An object of the present invention is to solve the above-described problems, and to provide a semiconductor device, particularly, an IC having a photoreceptor element capable of preventing mutual interference between functional circuits and a malfunction due to latchup.
According to the present invention, there is provided a semiconductor device in which a photoreceptor element and at least one semiconductor element other than the photoreceptor element are formed on a common semiconductor base substrate, characterized in that the semiconductor base substrate has a low impurity concentration semiconductor layer of a first conductive type; a high impurity concentration region of the first conductive type having an impurity concentration higher than that of the low impurity concentration semiconductor layer is formed in the low impurity concentration semiconductor layer at a forming portion of the semiconductor element; and the photoreceptor element comprises a low impurity concentration region, other than the high impurity concentration region at the forming portion of the semiconductor element, of the low impurity concentration semiconductor layer, and a second conductive type region formed on the low impurity concentration region.
According to the present invention, there is also provided a method of fabricating a semiconductor device in which a photoreceptor element and at least one semiconductor element other than the photoreceptor element are formed on a common semiconductor base substrate, including the steps of: forming a high impurity concentration region in a low impurity concentration semiconductor layer of a first conductive type at a position other than a forming portion of a photo-reception region of the photoreceptor element; and forming a low impurity concentration semiconductor layer of a second conductive type at least in the forming portion of the photoreceptor element.
With this configuration, the high impurity concentration region is formed in the low impurity concentration semiconductor layer of the first conductive type constituting part of the photoreceptor element at the forming portion of another semiconductor element.
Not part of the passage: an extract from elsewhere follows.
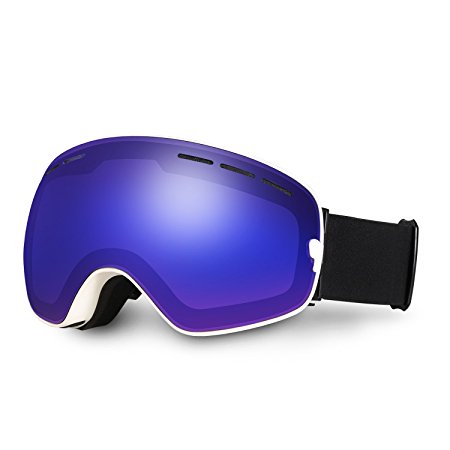 Ski Goggles, Hicool Pro Ski Snowboard Skating Goggle with Mirrored Lens Anti-fog UV Protection Detachable Wide Spherical Goggle Lens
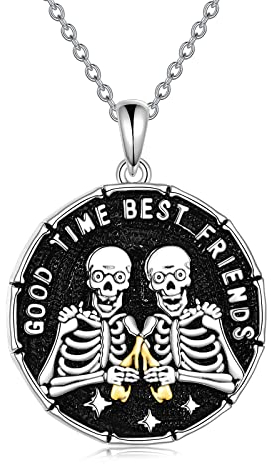 YFN Schädel Freund Halskette Sterling Silber Freundschaft Totenkopf Anhänger Gothic Kette Schmuck Geschenke für Damen Herren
As a result, with respect to the photoreceptor element, since the junction is formed between the low impurity concentration semiconductor layer and the same, the width of a depletion layer is enlarged to reduce the junction capacitance, thereby realizing a desirable photo-reception sensitivity and a desirable high frequency characteristic. With respect to another semiconductor element, since the high impurity concentration region is formed at the forming portion of the semiconductor element, it is possible to reduce the resistance of the substrate, and hence to suppress the occurrence of latchup. Further, according to the present invention, the isolation between elements is reinforced.